With place names such as Glasgow, Alps, Egypt, Bengal, Calabar, Berlin, Blenheim, Cardif, etc, it might seem possible within the short 146 mile length of Jamaica, to do international travel. In Lorna Goodison’s poem ‘To Us All Flowers Are Roses’ – a mantra of Jamaica’s unusual place names – she comes to the conclusion that ‘everywhere is here’.

There is an essay to be done – even an entire dissertation – by an ambitious social geographer perhaps, that looks at how inner-city communities in Jamaica, plagued by violence often imagine themselves as war zones, taking on the names of international sites of conflict. In August Town, for example, there is a section called Angola, or simply Gola. Also in August Town is Vietnam. In Downtown, Kingston there is Tel Aviv. And most recently in Portmore, Jamaica – there is Gaza.

Gaza was named by the now incarcerated dancehall artiste, Vybz Kartel. We imagine a site of bullets, blood, murder, violence and a people under siege. But there is another story as well. The very reason the section of Portmore was renamed Gaza marks it as a site of another equally interesting war.


Give thanks to Jamaican/Indian blogger, Annie Paul, who digs a little deeper than the typical local journalist and gives us the story of this name.

The community was origincally called Borderline. But then something strange happened — a play called ‘Bashment Granny’.

Bashment Granny introduced the character of Shebada to the stage and to the world. Shebada complicates the idea of a Jamaican intolerance towards queer figures, for the popularity of Shebada in Jamaica is similar to the popularity of ‘Madea’ in black American culture. Thousands flock to see the latest Shebada play as. But equally incredible is the backlash. The name ‘Shebada’ is called out in many dancehall songs as figure of scorn and ridicule, a symbol on which the sometimes aggressively masculine music pours its worst vitriol.



I’m being careful in using that word ‘queer’ — because Shebada isn’t NECESSARILY gay. His is simply a flamboyance that is not traditionally performed by a male figure. Shebada complicates gender performance, not necessarily sexuality. The very name highlights a complicated gender dynamic. SHE –  supposedly feminine, BAD – supposedly masculine. Indeed the ‘badness’ of this male/she figure allows him to defend himself from the various attacks lobbied at him. One could argue that Shebada prefigures another gender performance Jamaicans would see and frown at a decade later — that of the homeless gay boys of New Kingston – undoubtedly one of the most pressing Human Rights situation in Jamaica right now. This largely transgendered community have been cast out from their homes, have been forced to live in the gutters, and have been driven to prostitution and other crimes. They live in the midst of a hostile environment, and so defend themselves with knives, with stones, and most daringly, with a flamboyance that is not dissimilar to Shebada’s.

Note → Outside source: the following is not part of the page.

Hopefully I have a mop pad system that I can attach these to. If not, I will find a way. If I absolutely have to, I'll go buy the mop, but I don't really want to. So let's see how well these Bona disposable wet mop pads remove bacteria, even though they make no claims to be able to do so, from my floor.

One of the most popular and hilarious moments in the play Bashment Granny comes when a police officer is shocked at Shebada’s gender-bending ways. When he asks to frisk Shebada, Shebada makes himself overly available by lifting one leg almost over his head and placing it against the wall. It is moving torwards a full split worthy of any gymnast or contortionist. The officer’s own masculinity would be in question if he frisks the character in this position and so he barks, ‘Yu a man, or yu a woman!?’ (Are you a man or are you a woman?). And Shebada, rotating his neck, famously responds, ‘Mi deh pon de BORDERLINE!’ (I am on the borderline).

(watch from 1:00 in, for the scene)

This is how the name of a violent inner city community in Jamaica was corrupted. No bad man could claim with authority that he was from Borderline. The name had to be changed promptly. And so it was, ‘Gaza, Jamaica’ came into existence. The name Gaza then marks it as site not only of violence, but a place where masculinity is defended.

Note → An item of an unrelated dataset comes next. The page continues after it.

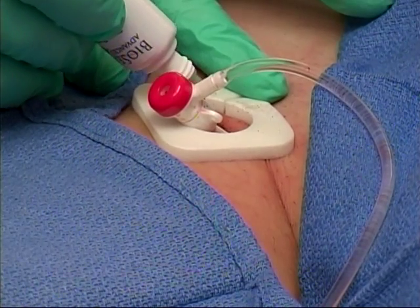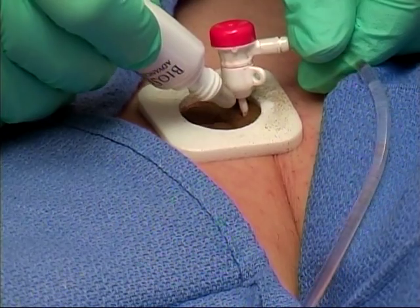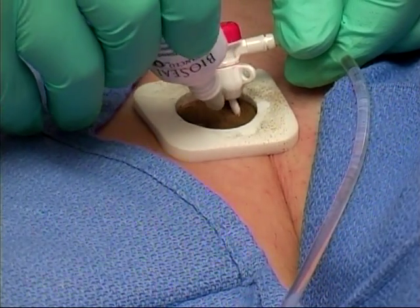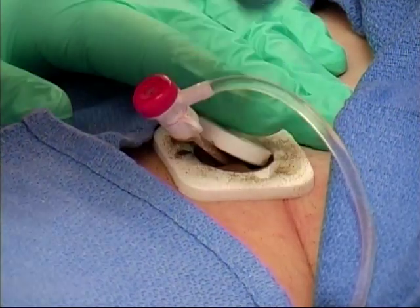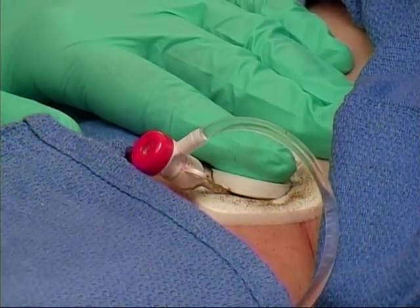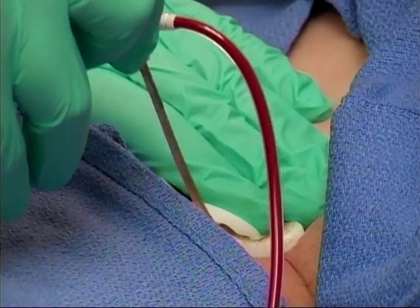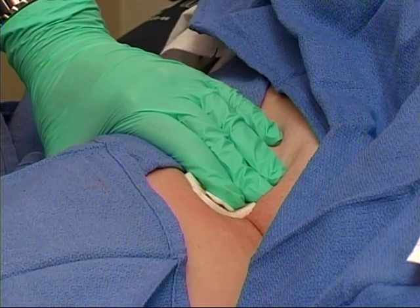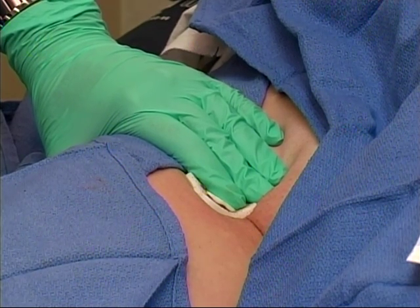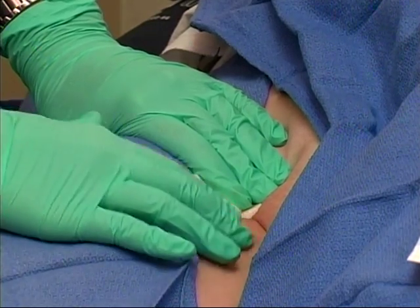Applying BioSeal Advanced Powder prior to removing femoral and venous sheaths following a cardiac catheterization or interventional radiology procedure forms a microbial barrier that prevents post-procedure bleeding and infection by allowing nothing in and nothing out, even for anticoagulated patients. Hold times are significantly decreased, increasing patient satisfaction thanks to this exciting new technology.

Like the conflict in the Middle East, the war in Gaza, Jamaica ebbs and flow. But just this week, things escalated.

A new documentary that looks on the plight of the homeless transgendered community came out and accompanying it is a new and very controversial music video. The music is a 2011 song from none other than Vybz Kartel – the very man who renamed his community and rescued it from the stigma of ‘Borderline’.  Everyone will agree that the video is beautifully shot – the cinematography amazing – but its message affirming the strength and independence of ‘beautiful girls’ while featuring Jamaican cross-dressers – boys? girls? who exist even more obviously than Shebada on the proverbial gender borderline, has naturally angered many Kartel and Gaza fans.

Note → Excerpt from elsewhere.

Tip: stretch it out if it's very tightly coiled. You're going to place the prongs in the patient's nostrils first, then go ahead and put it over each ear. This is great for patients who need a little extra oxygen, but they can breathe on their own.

Of course this is exactly what the producer, NOISEY, wanted to achieve. There are real questions to be answered about copyright, license, appropriation, endorsement etc. While Vice justly has the license to use the song, there are other processes of getting the artiste to sign off that were purposely ignored. Still, whatever comes of that, Noisey has effectively reminded us all of the stigma that Borderline once escaped. He has reminded us of the specific kind of war site Gaza is in Jamaica.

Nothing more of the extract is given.